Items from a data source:
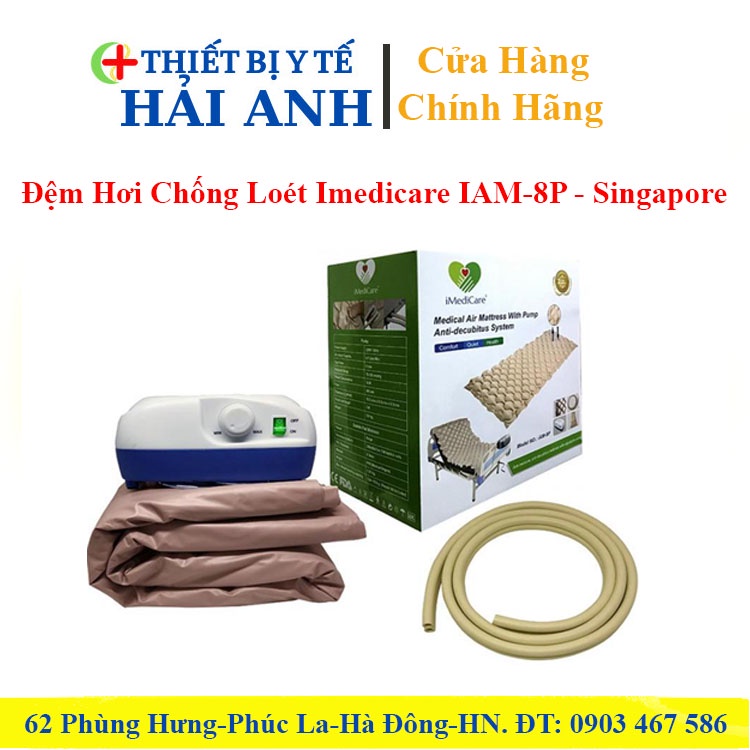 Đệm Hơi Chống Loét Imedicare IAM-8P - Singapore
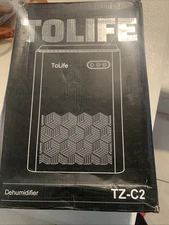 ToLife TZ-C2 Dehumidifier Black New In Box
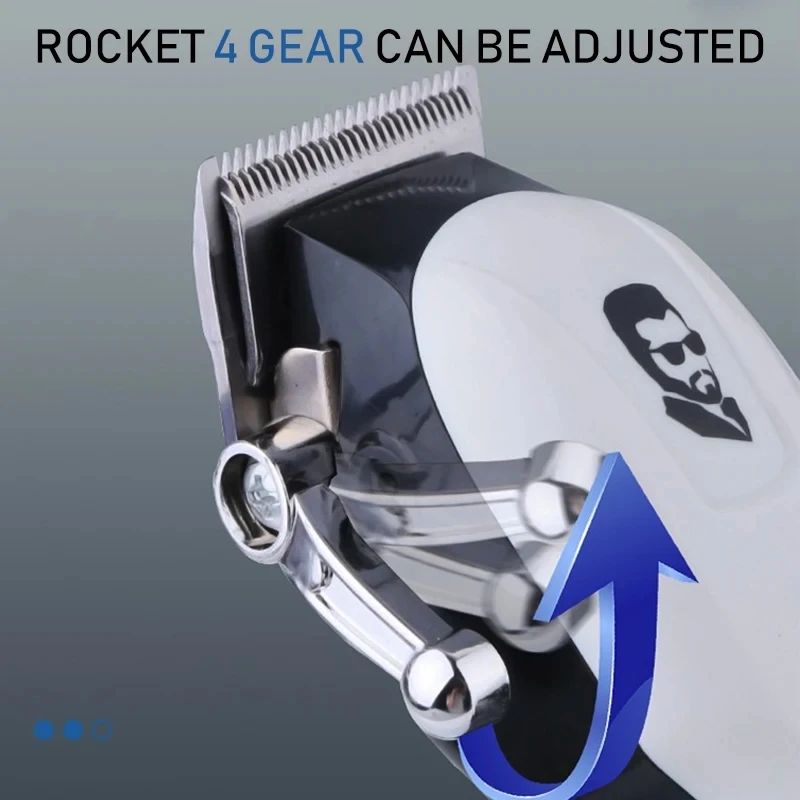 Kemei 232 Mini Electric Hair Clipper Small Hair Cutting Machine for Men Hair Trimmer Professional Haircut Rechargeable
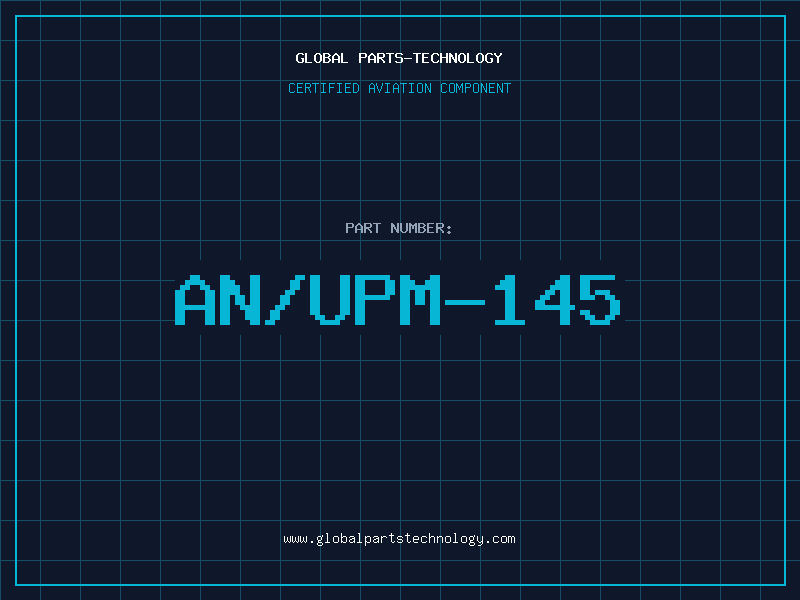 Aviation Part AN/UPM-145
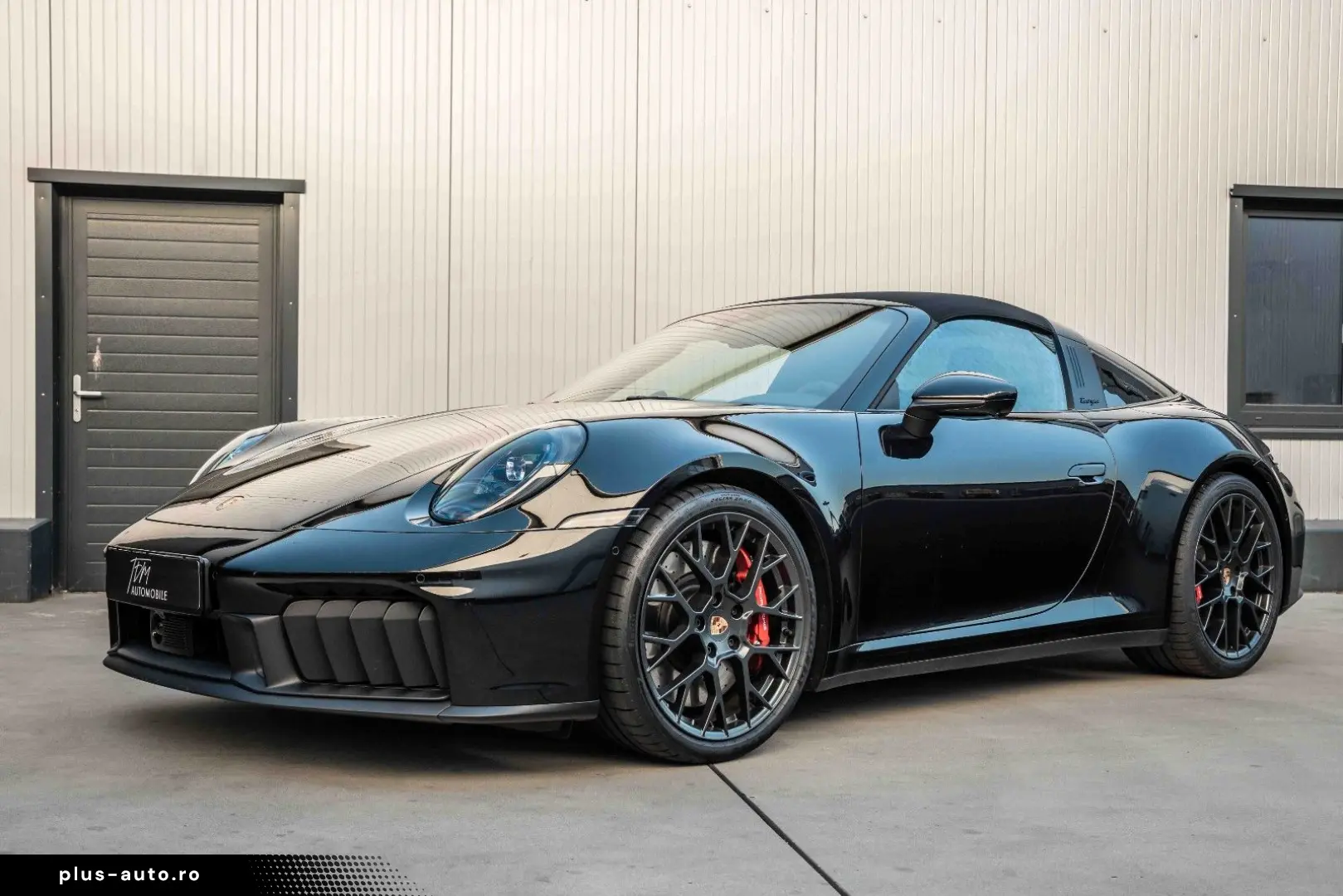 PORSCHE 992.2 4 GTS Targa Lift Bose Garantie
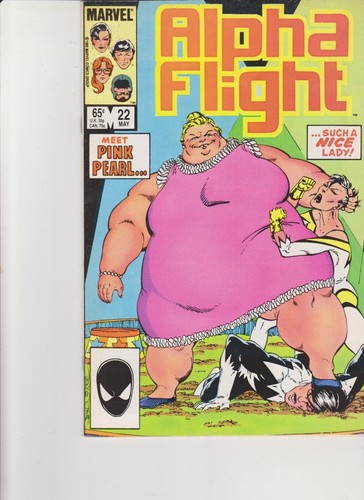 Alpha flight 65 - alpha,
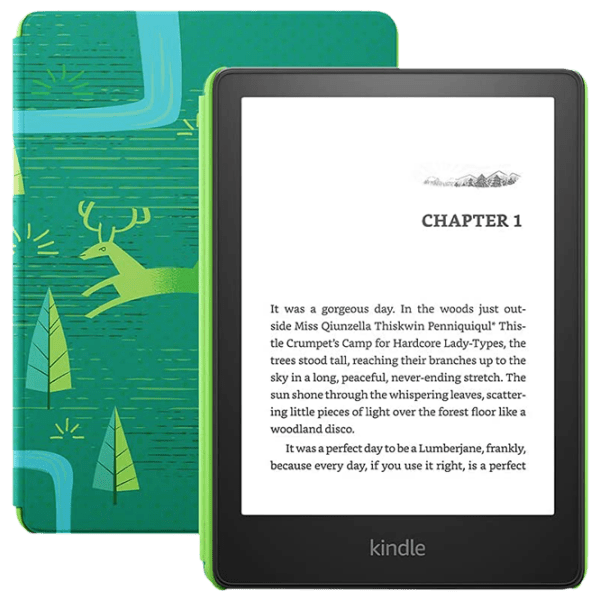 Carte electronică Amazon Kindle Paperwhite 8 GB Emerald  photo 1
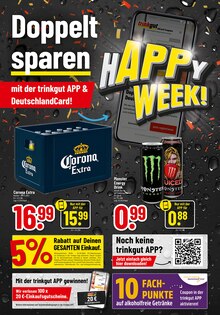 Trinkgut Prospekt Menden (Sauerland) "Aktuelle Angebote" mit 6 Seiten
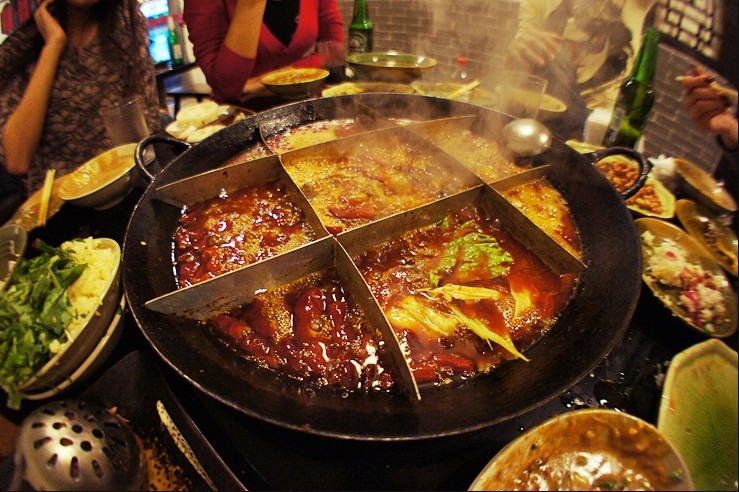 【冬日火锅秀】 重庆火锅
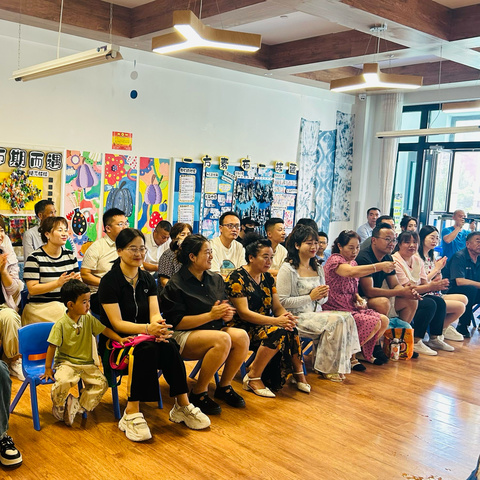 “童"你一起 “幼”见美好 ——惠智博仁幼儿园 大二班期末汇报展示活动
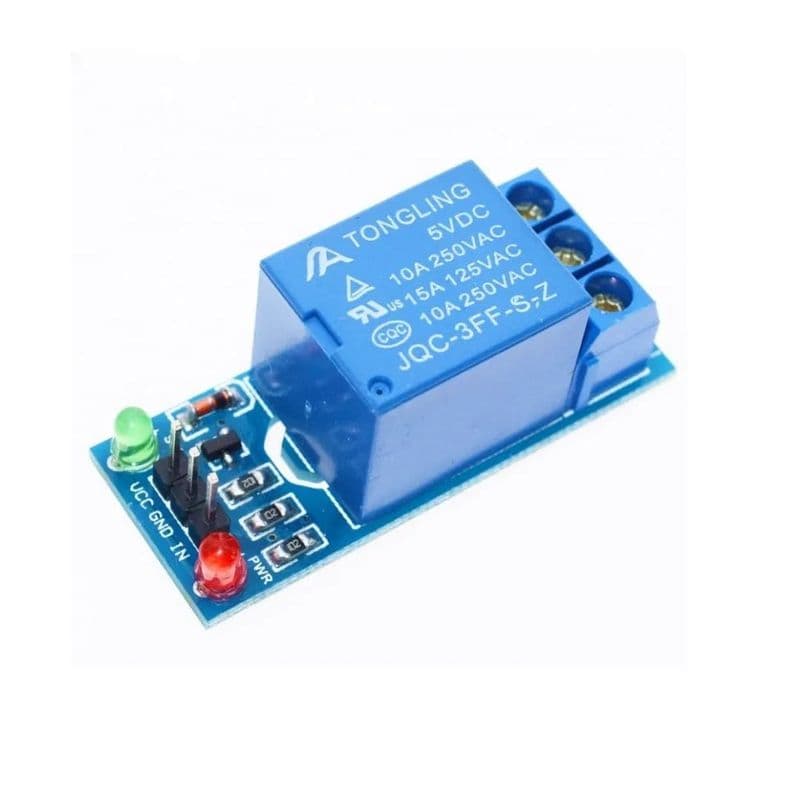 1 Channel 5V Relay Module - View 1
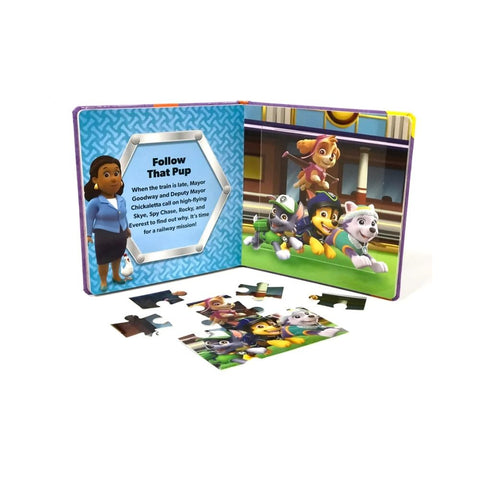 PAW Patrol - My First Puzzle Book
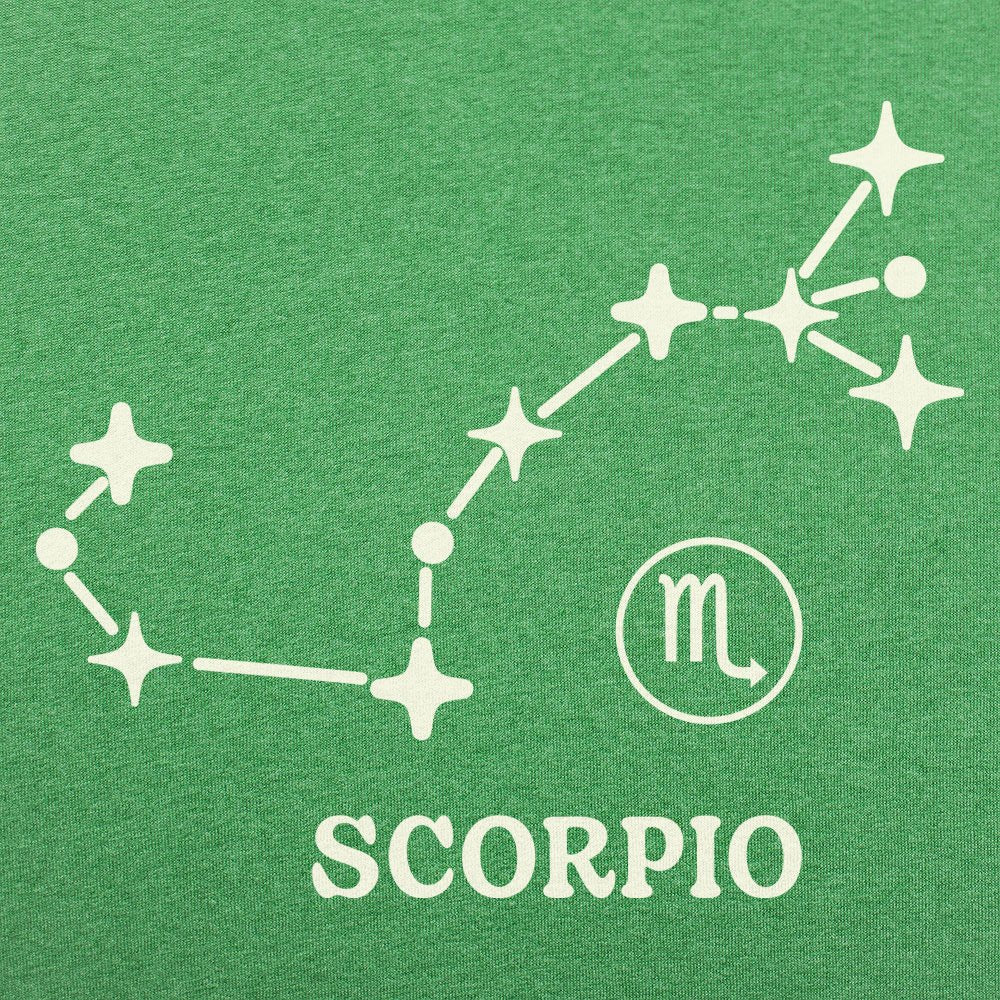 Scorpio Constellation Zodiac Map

Task brief: Looking at the records above, extract only the lines from the one with "PAW Patrol - My First Puzzle Book" through the last line, exactly, with the pictures left out.

Final answer:
 PAW Patrol - My First Puzzle Book
 Scorpio Constellation Zodiac Map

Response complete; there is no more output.